En octubre de 1957, ignoró el consejo de Madame Delahaye que le había advertido que no viajara a Montecatini, donde el modisto planeaba pasar una temporada en un spa. Ya había tenido dos ataques cardíacos y, el tercero, fatal, lo encontró el 24 de octubre lejos de su amada París. Tenía sólo 52 años y Boussac envió su avión privado a Italia para repatriar su cuerpo. Para entonces la compañía que habían impulsado juntos una década antes ya facturaba el equivalente a US$20 millones anuales: en efecto, el designio de la pitonisa se había hecho realidad y las mujeres habían hecho rico a Christian Dior. Al menos 2500 personas asistieron a su funeral, entre clientas ilustres –vistió a Ava Garner y Marlene Dietrich, entre muchas otras–, amigos y equipo. Lo enterraron en el cementerio de Callian, en Var; se dice que durante todo el trayecto desde París, las mujeres le arrojaron flores a la carroza fúnebre en cada pueblo.
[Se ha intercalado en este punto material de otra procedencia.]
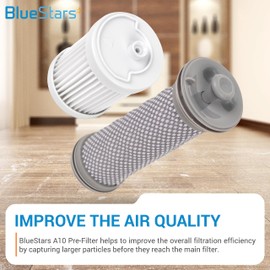 BlueStars 3 Packs A10 Filter Replacement Kit - Fits Tineco A10 A11 Hero, A10 A11 Master PURE ONE S11, PWRHERO11 Snap Cordless Vacuum Cleaners - Includes 2 Pre-filters, 1 HEPA Filter & 1 Brush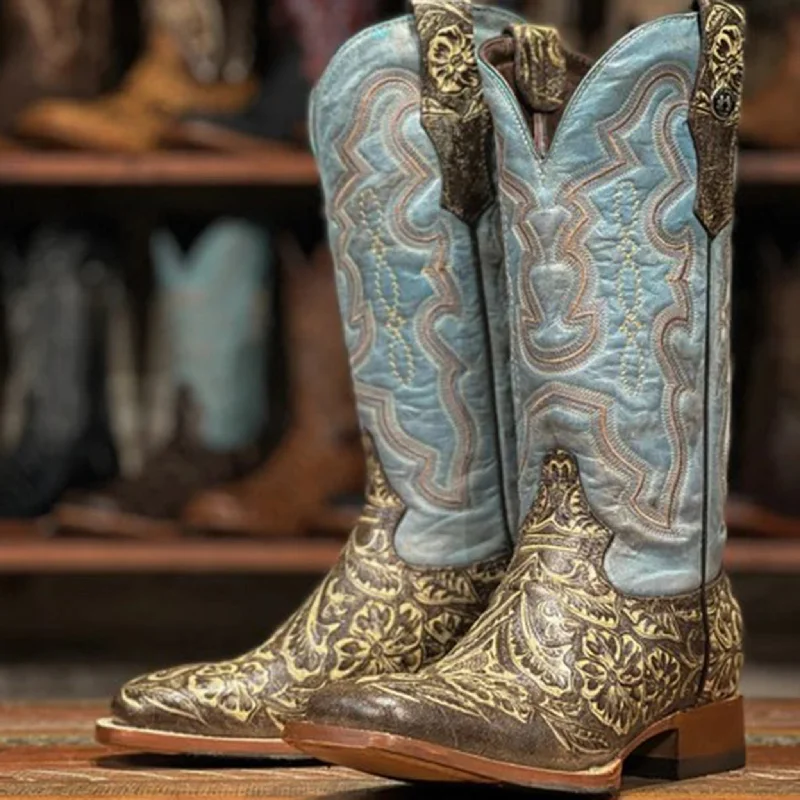 Special Offer Tanner Mark Women's Brown & Blue Embossed Square Toe Boots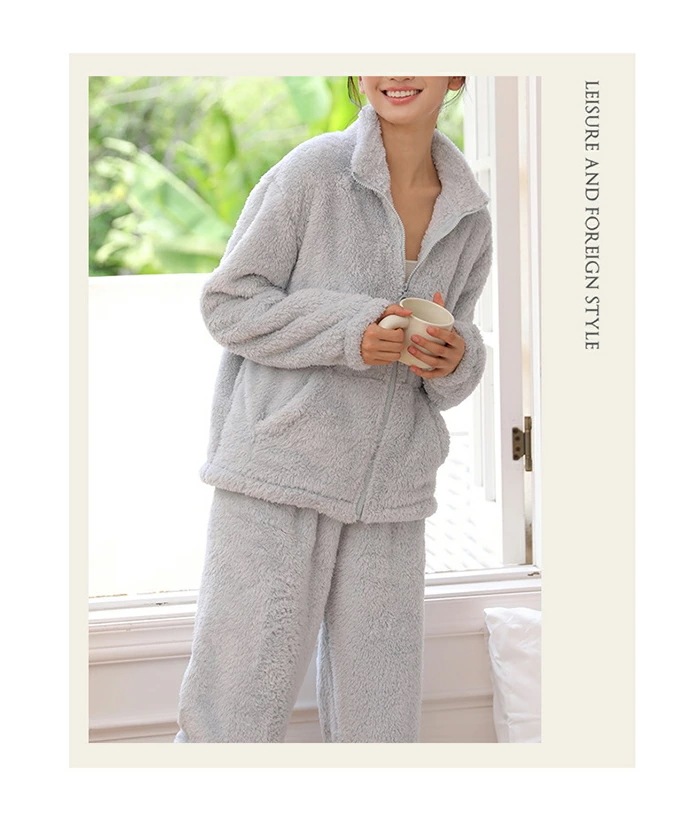 ルームウェア パジャマ レディース 上下セット パジャマ 秋冬用 パジャマ フランネル クールネック パジャマ ルームウェア あったか ナイトウェア 長袖 春 上下セット 2点セット M L 部屋着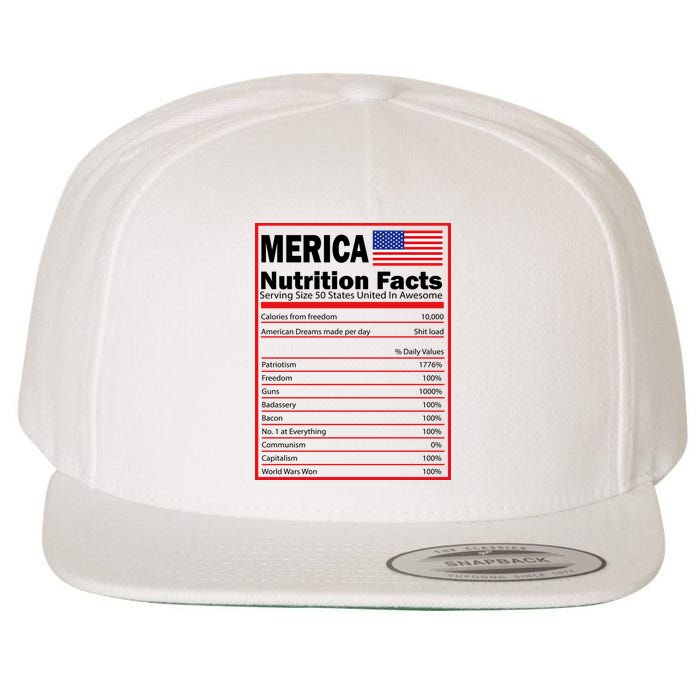 Merica Nutrition Facts Wool Snapback Cap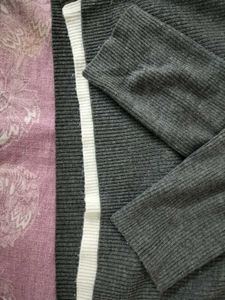 Gray Knit Sweater with White Detail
Quizá fuera el efecto de los talismanes, pero la fortuna lo había acompañado toda su carrera: la influencia de la silueta del New Look pregnó entre sus colegas y las hijas de sus clientas por décadas e incluso lo sobrevivió hasta este siglo. El propio John Galliano, el más polémico –y talentoso– de los referentes que lo sucedieron al frente del imperio que creó –entre 1997 y 2011, cuando fue despedido por sus declaraciones antisemitas–, basó su éxito en una reinterpretación de los códigos más reconocibles del fundador de Dior y fue el gran suceso de los primeros 2000. La profecía de que su nombre llegaría a todo el mundo se cumple hasta hoy.